So here's kind of the service side perspective, the cumulative bandwidth. If
you add all those up from each client, we see the service itself is
supporting, we max out about just under 400 megabytes per second, which is
kind of an interesting number. We weren't quite sure why that was. We kind
of had assumed maybe it's triple replicated and each has a gigabit, but that
adds up to about 375 megabytes per second, not just under 400. So there's
still some investigation to be done here, and, again, because of performance
variability, do we know -- you know, will this change over time? Who's to
say it won't. But it's interesting.
And upload was significantly slower as well, but again, that's expected since
there are replication issues involved.
So quickly moving onto the table service.

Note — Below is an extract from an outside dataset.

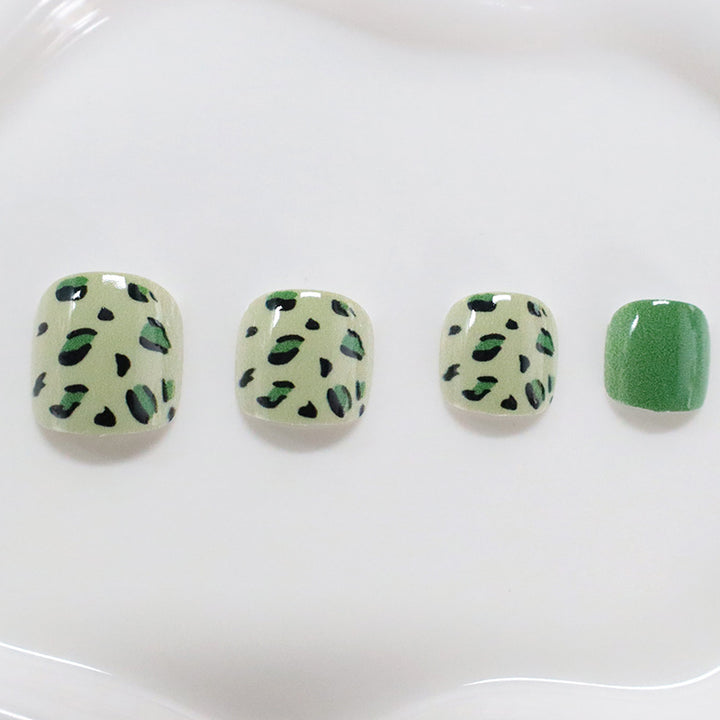 Artistic Animal Print Nail Art Stornfield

So table service basically has
this entity, attribute, value model where entities are essentially rows,
attributes are items within the row, and each attribute can have a value and
a name, et cetera. Again, semi-structured, no schema. So the question is
what kind of performance can we expect when we're running queries and inserts
and updates against this storage service.
So we performed each of the four primary operations: insert, update, query,
and delete. Each client operates on its own unique entity. So they didn't
have row conflicts directly, but they're all within the same table and within
the same partition. And Azure as this feature where each table is kind of
divided into partitions which are dependent upon explicit values that you put
in the row entities themselves. You give them a partition. So we worked
within the same partition, and we performed basically 500 of each operation
for each client within the exception of update, which only did 100 ops.
So at the end of the insert phase, which was the first phase, there were
approximately 220,000 entities in the table and then upon that we operate the
queries and updates and deletes.
Moving on, so this is our performance graph. On the left we see the table
performance using 4-kilobyte entities. We have data actually on many
different sizes. We present 4k here because it's fairly typical of the
various sizes, and they're wasn't a dramatic difference between entity sizes
such that we think you need to present all the separate ones.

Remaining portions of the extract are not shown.